L’arrestation du journaliste Chennouv Ould Maloukiv est intervenue suite à une plainte en diffamation déposée par un haut gradé de l’armée. La plainte concernait une information publiée sur un site autre que celui de M. Ould Maloukive. Selon la loi mauritanienne, comme en France, la plainte aurait dû concerner le directeur de publication de ce dernier site. L’officier mis en cause, fort de ses relations dit être «  allé directement à l’essentiel » en déposant plainte contre celui qu’il croit être la source de la « diffamation », sans qu’aucune preuve n’ait été avancée sur cette provenance.

 

M. Ould Maloukive, est un ancien officier de l’armée, radié quelques mois après le coup d’Etat d’août 2008. Depuis, il s’était engagé ouvertement aux côtés du Président renversé Ould Cheikh Abdallahi.

Cette mesure vient s’ajouter à une longue liste de violations de la liberté d’expression et d’instrumentalisation de l’appareil étatique par le Général Aziz et sa junte qui cible manifestement tous ceux qui s’étaient opposés au coup d’Etat d’août 2008. Ainsi, sous couvert de lutte contre la gabegie, le Général vient d’incarcérer un ancien gouverneur de la Banque Centrale pour des faits remontant à plus de 15 ans.
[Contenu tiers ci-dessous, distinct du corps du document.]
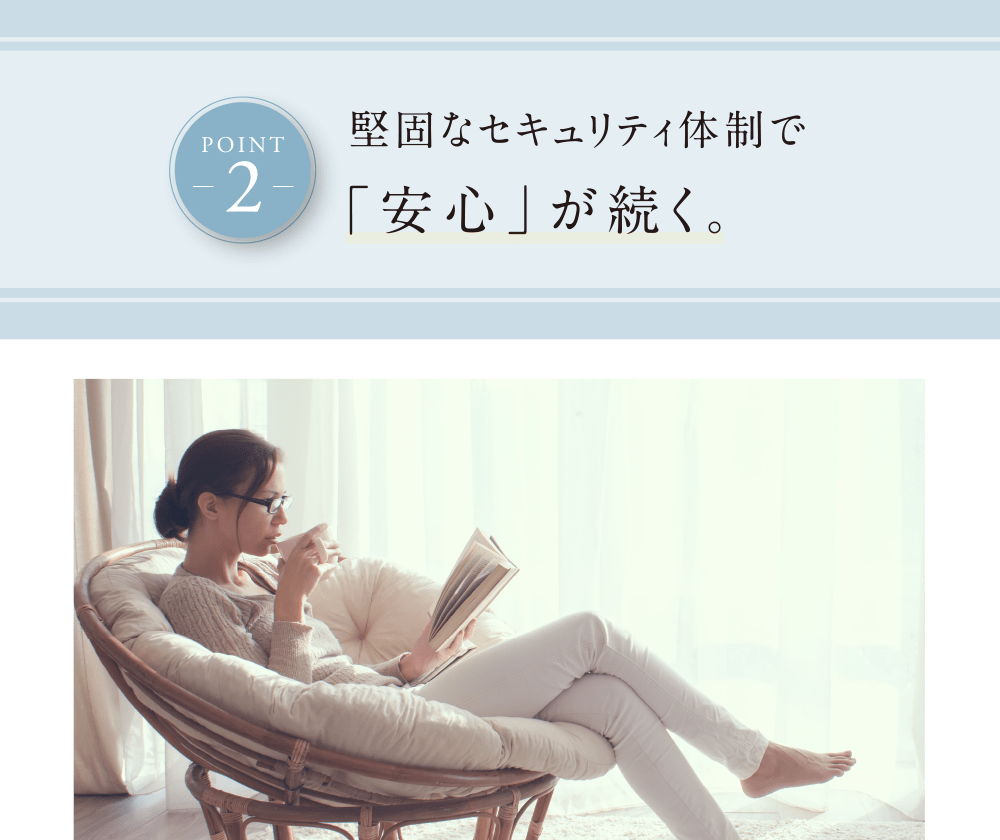 POINT 2 堅固なセキュリティ体制で「安心」が続く。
L’affaire permit toutefois un racket des hommes d’affaire concurrents du richissime Mohamed Ould Bouamatou, riche cousin du Général Aziz. Il a su mobiliser les réseaux de la Françafrique en sa faveur pour légitimer son coup d’Etat, notamment avec l’engagement actif de l’inénarrable Maître Bourgi.
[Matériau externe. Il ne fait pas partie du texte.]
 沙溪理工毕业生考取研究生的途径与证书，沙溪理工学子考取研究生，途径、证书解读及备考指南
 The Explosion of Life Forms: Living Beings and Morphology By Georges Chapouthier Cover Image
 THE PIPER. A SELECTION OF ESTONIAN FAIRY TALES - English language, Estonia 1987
En effet, la France officielle s’est affichée en marraine de ce coup d’Etat militaire, unanimement condamné et combattu par le reste de la communauté internationale, en raison, officiellement, des exigences de la lutte contre le terrorisme islamiste. Mais à ce chapitre, le régime du Général Aziz semble plus défaillant que tous ses prédécesseurs.

 

Ainsi, quelques semaines après son putsch, les terroristes islamistes ont commis un attentat à Tourine, contre une garnison de l’armée mauritanienne au nord du pays, faisant onze morts. Attentat resté impuni. Jamais les autorités mauritaniennes n’ont réussi à mettre la main sur les auteurs de cet acte, qui fut d’ailleurs réédité quelques jours après dans la zone de Al-Ghallaouiya. Enfin, la semaine suivant l’élection, les terroristes islamistes mauritaniens lancent un attentat kamikaze, cette fois en plein cœur de Nouakchott et visant … l’ambassade de France.
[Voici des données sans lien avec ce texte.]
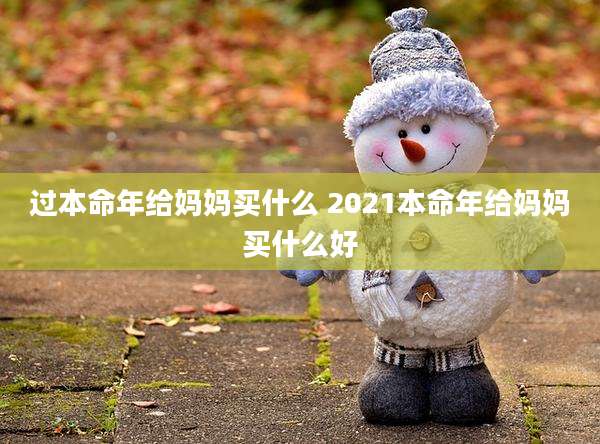 过本命年给妈妈买什么 2021本命年给妈妈买什么好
Dimanche 29 novembre, ils enlèvent trois humanitaires espagnoles entre Nouadhibou et Nouakchott et échappent aux forces de l’ordre, décrédibilisant encore un peu plus la capacité des autorités officielles à lutter contre le terrorisme. L’enlèvement a été rapporté immédiatement par des témoins oculaires. Selon les connaisseurs de la région, les terroristes ne pouvaient être arrêtés par les forces de l’ordre que dans les quatre heures après leur acte. Il s’agit en effet du temps nécessaire pour parvenir à la région dite « D’har » limite du no man’s land au Mali, où les terroristes auraient leurs bases.

Les Forces armées mauritaniennes, handicapées par un commandement corrompu et peu compétent, ne sont ni équipées ni entrainées pour faire face à ce danger. Le Général Aziz n’a justement aucun intérêt à les équiper : il gouverne la Mauritanie grâce à la supériorité de son unité d’élite, la garde présidentielle, qui monopolise les armes et équipements, agissant en milice pour ses intérêts propres. Équiper convenablement les autres unités reviendrait à ses yeux à les doter d’armes qui pourraient un jour se retourner contre lui, alors que la colère populaire contre son pouvoir grandit chaque jour un peu plus.

Par ailleurs, au vu des alliances politiques qu’il a scellées lors des dernières élections sénatoriales, en novembre dernier, il est permis de douter de la volonté politique de Aziz de combattre la mouvance islamiste en Mauritanie.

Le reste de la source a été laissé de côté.